Try it: Please return the listing exactly as it stands, skipping any pictures.

Dataset content:
Start of Block

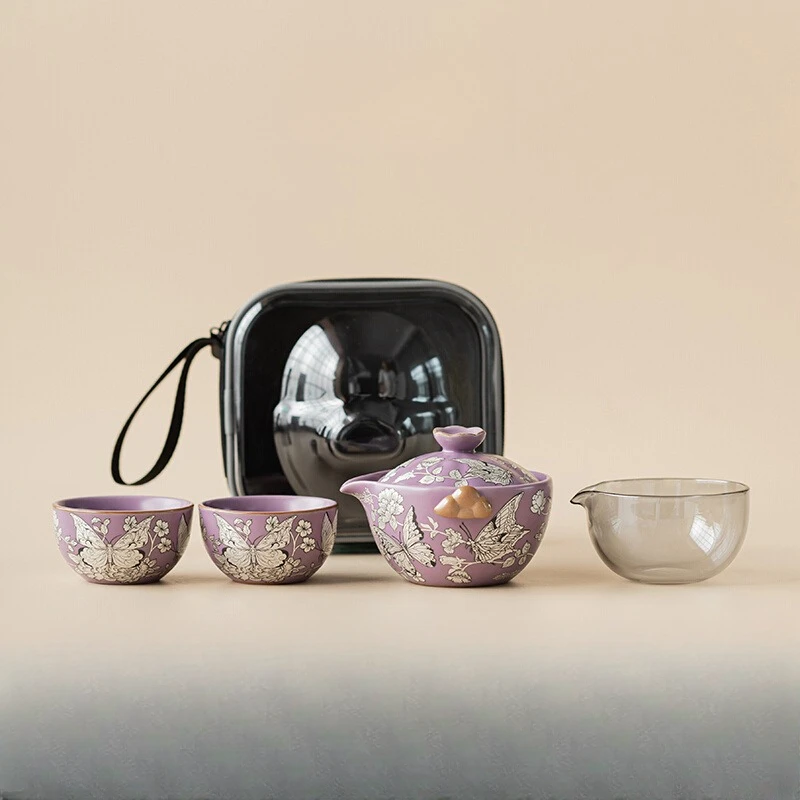 汝窑丁香紫银牡丹旅行茶具套装便携式快客杯一壶三杯户外茶器
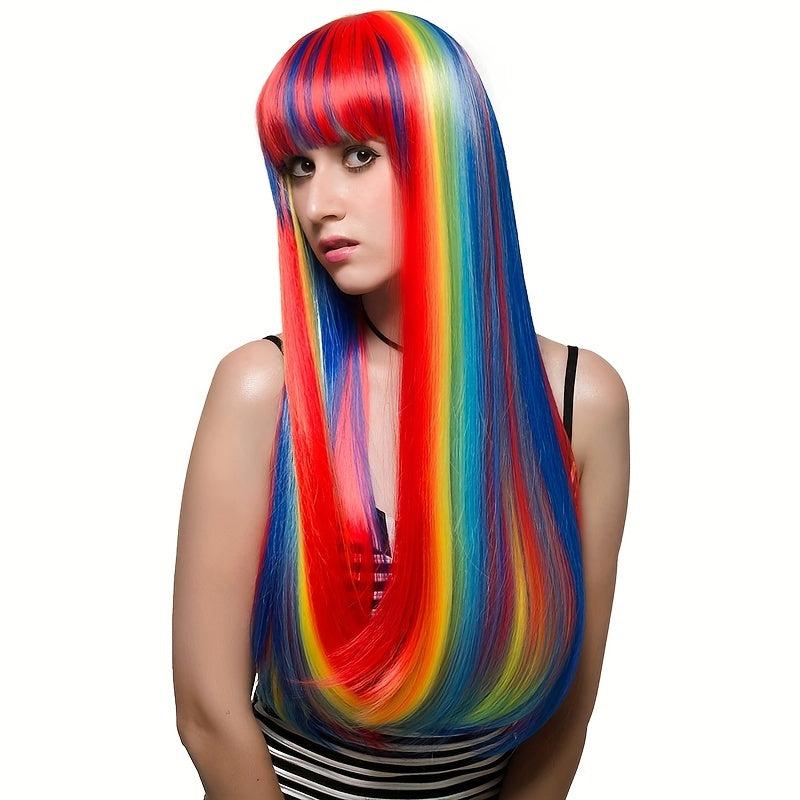 Rainbow Long Straight Wig Synthetic Wig With Bangs Cosplay Wig For Halloween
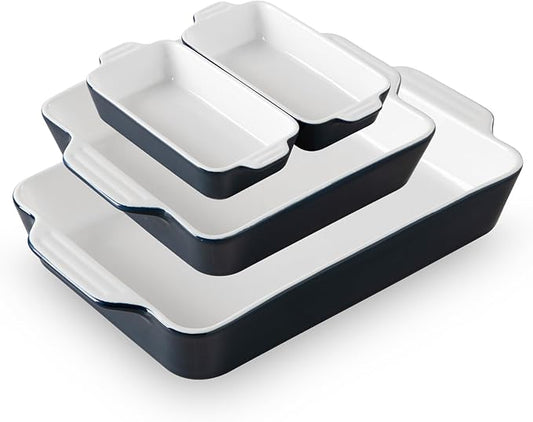 Sweejar Ceramic Bakeware Set of 4, Casserole Dishes for Oven, Rectangular Baking Dish with Handles, Lasagna Pans Deep for Cooking, Gratin, Roasting, Banquet and Daily Use (Navy) by Sweejarco1949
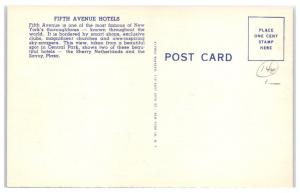 Mid-1900s Fifth Avenue Hotels, Sherry Netherland & Savoy-Plaza, NYC, NY Postcard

End of Block

Solution to the exercise:
 汝窑丁香紫银牡丹旅行茶具套装便携式快客杯一壶三杯户外茶器
 Rainbow Long Straight Wig Synthetic Wig With Bangs Cosplay Wig For Halloween
 Sweejar Ceramic Bakeware Set of 4, Casserole Dishes for Oven, Rectangular Baking Dish with Handles, Lasagna Pans Deep for Cooking, Gratin, Roasting, Banquet and Daily Use (Navy) by Sweejarco1949
 Mid-1900s Fifth Avenue Hotels, Sherry Netherland & Savoy-Plaza, NYC, NY Postcard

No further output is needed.